= Beginning of Section =
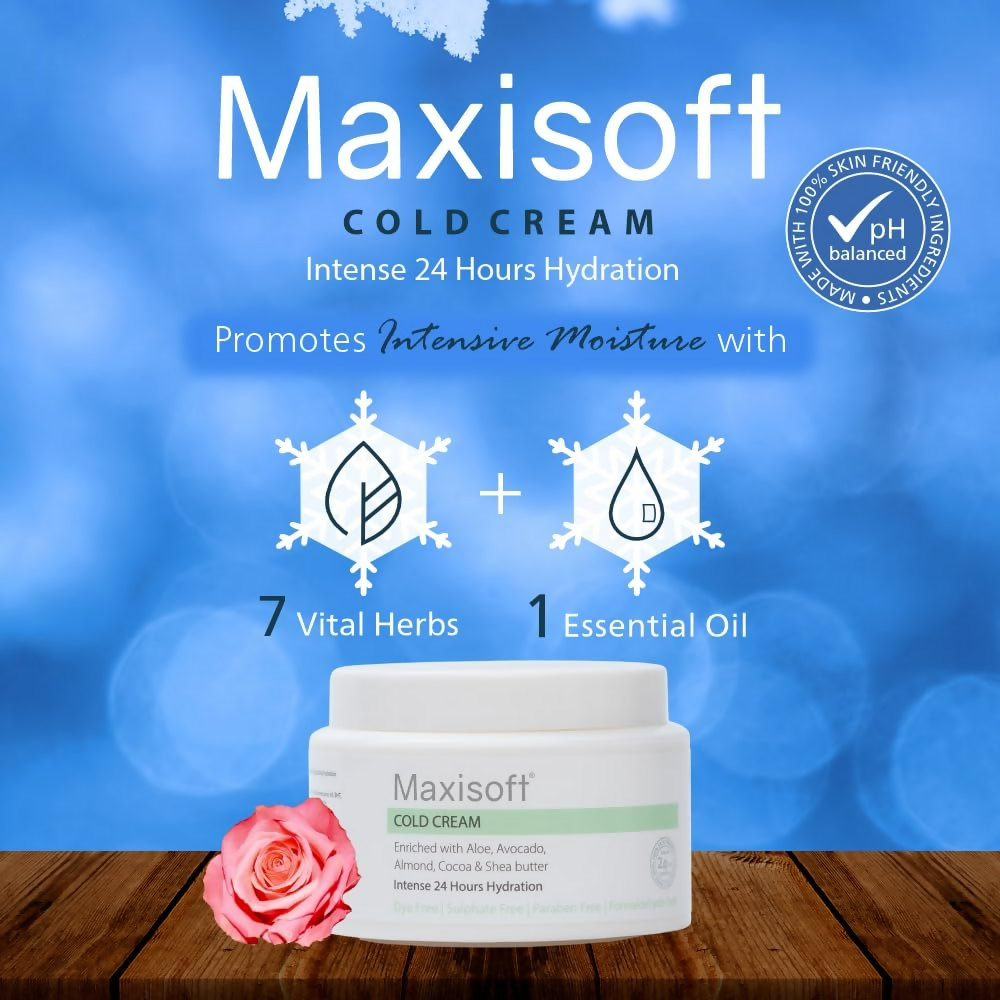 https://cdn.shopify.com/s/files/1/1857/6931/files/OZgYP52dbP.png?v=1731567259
= End of Section =
= Beginning of Section =
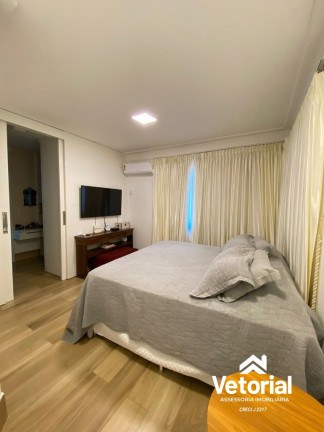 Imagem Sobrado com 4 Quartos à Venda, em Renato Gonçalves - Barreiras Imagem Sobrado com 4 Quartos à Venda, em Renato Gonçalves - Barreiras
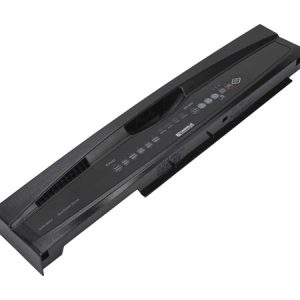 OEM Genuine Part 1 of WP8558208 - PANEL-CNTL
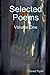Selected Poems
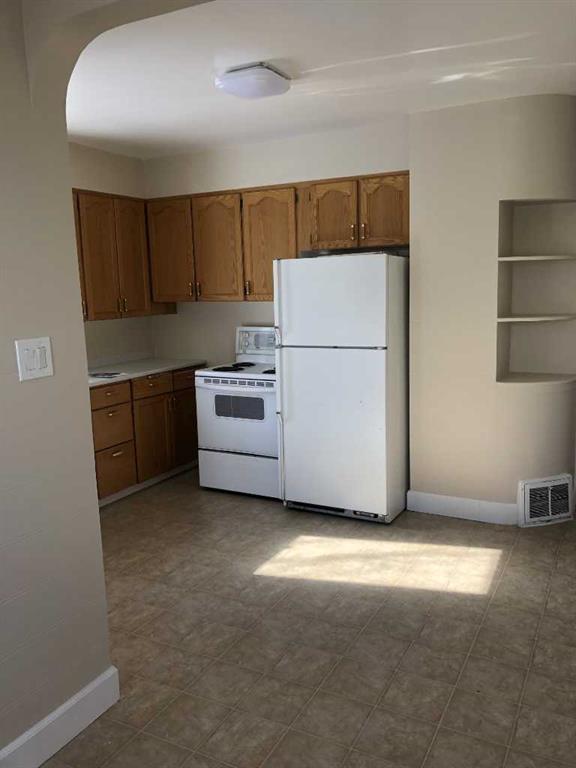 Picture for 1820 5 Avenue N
= End of Section =
= Beginning of Section =
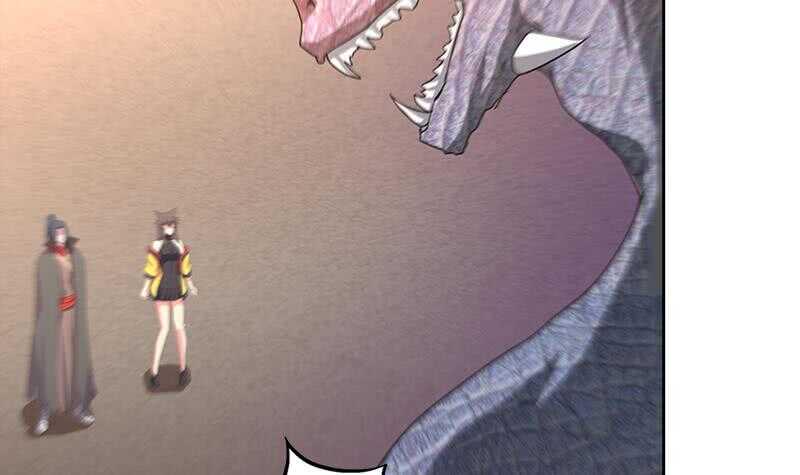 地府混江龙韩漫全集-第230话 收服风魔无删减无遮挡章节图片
= End of Section =
### Your assignment
When you reach the line that has "- Barreiras Imagem" in the data above, start repeating lines exactly, and stop after the line that has "Picture for 1820 5 Avenue N"; pictures stay out.

### Output below
 Imagem Sobrado com 4 Quartos à Venda, em Renato Gonçalves - Barreiras Imagem Sobrado com 4 Quartos à Venda, em Renato Gonçalves - Barreiras
 OEM Genuine Part 1 of WP8558208 - PANEL-CNTL
Selected Poems
 Picture for 1820 5 Avenue N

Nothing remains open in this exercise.